**THE DATA:**
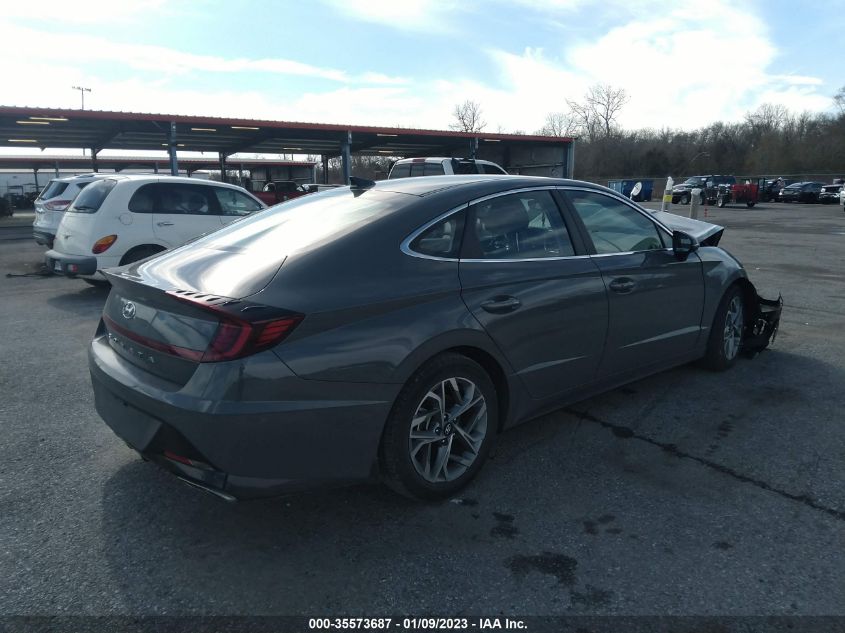 2021 HYUNDAI SONATA SEL VIN: 5NPEL4JA7MH095208
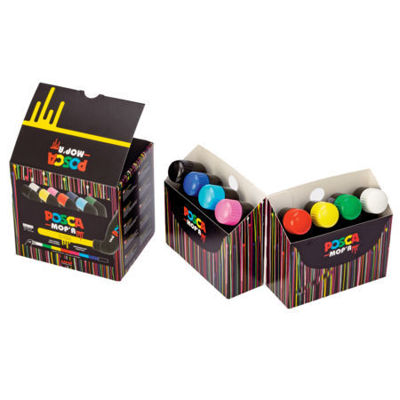 Picture of POSCA MOP'R Set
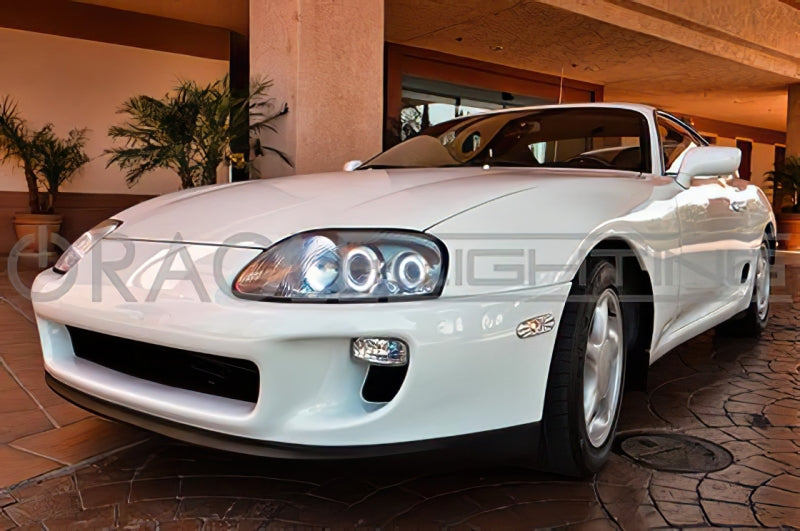 Oracle Toyota Supra 93-98 Halo Kit - ColorSHIFT w/ 2.0 Controller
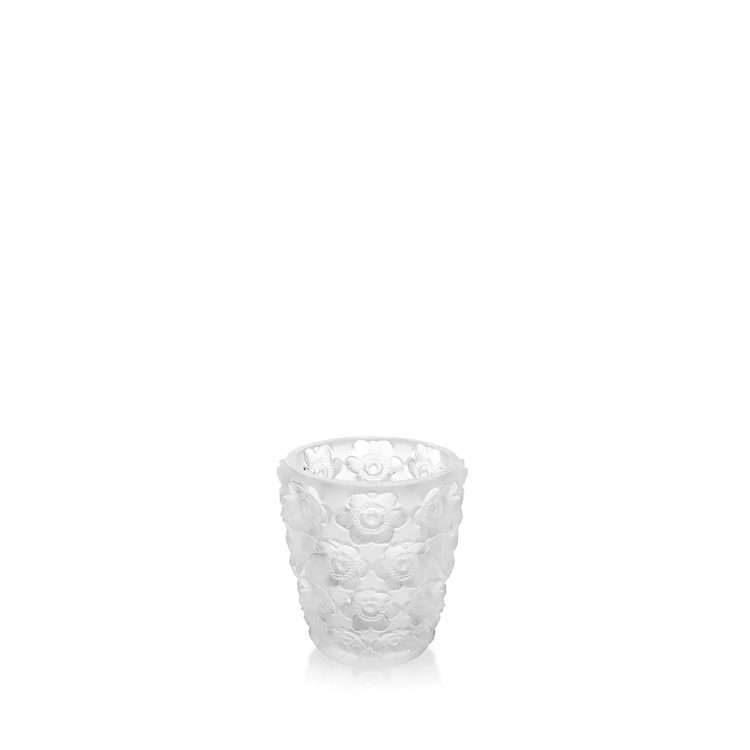 Lalique Anemones Votive Candle Holder, Clear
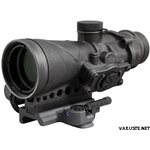 Browe 4x32 Combat Optic (BCO) w/ 7.62x39 Chevron Reticle Black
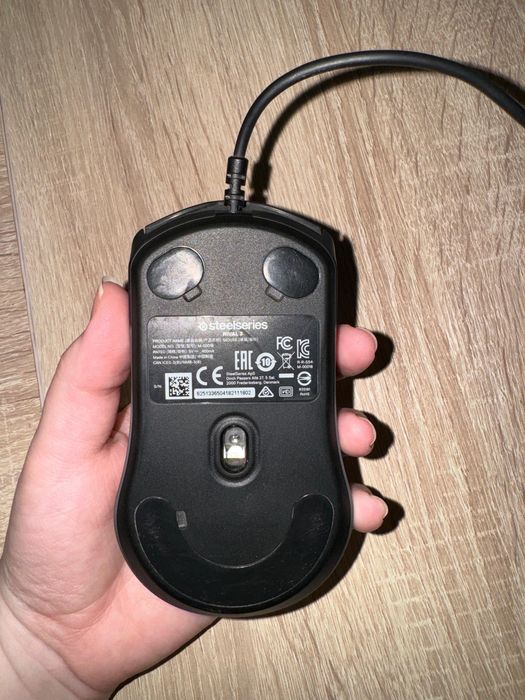 Продам мышь steelseries rival 3
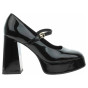 nahlad Dámske lodičky Tamaris 1-24403-41 black patent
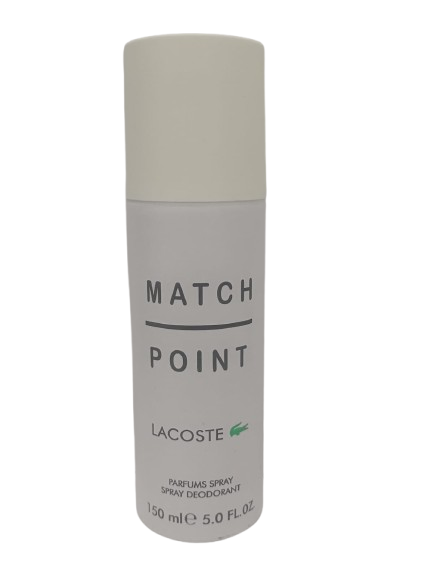 Lacoste Match Point Deodorant Spray for Men - 150ml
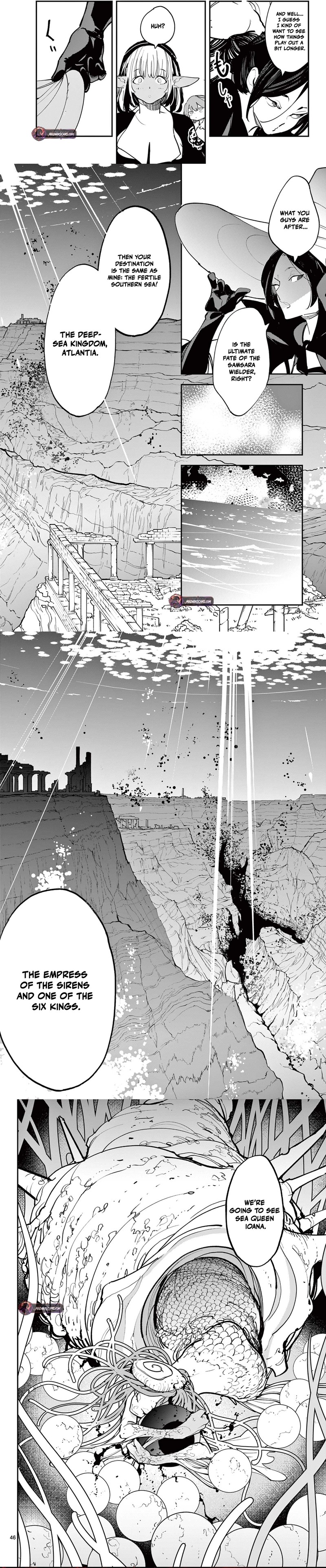 Ninkyou Tensei Isekai No Yakuzahime Chapter 63b Page 5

**WORK REQUIRED:**
Counting the line with "Lalique Anemones Votive Candle Holder, Clear" and the last line of the data above, transcribe those two lines and every line between them exactly, without the pictures.

**OUTPUT FOR THIS EXERCISE:**
 Lalique Anemones Votive Candle Holder, Clear
 Browe 4x32 Combat Optic (BCO) w/ 7.62x39 Chevron Reticle Black
 Продам мышь steelseries rival 3
 nahlad Dámske lodičky Tamaris 1-24403-41 black patent
 Lacoste Match Point Deodorant Spray for Men - 150ml
 Ninkyou Tensei Isekai No Yakuzahime Chapter 63b Page 5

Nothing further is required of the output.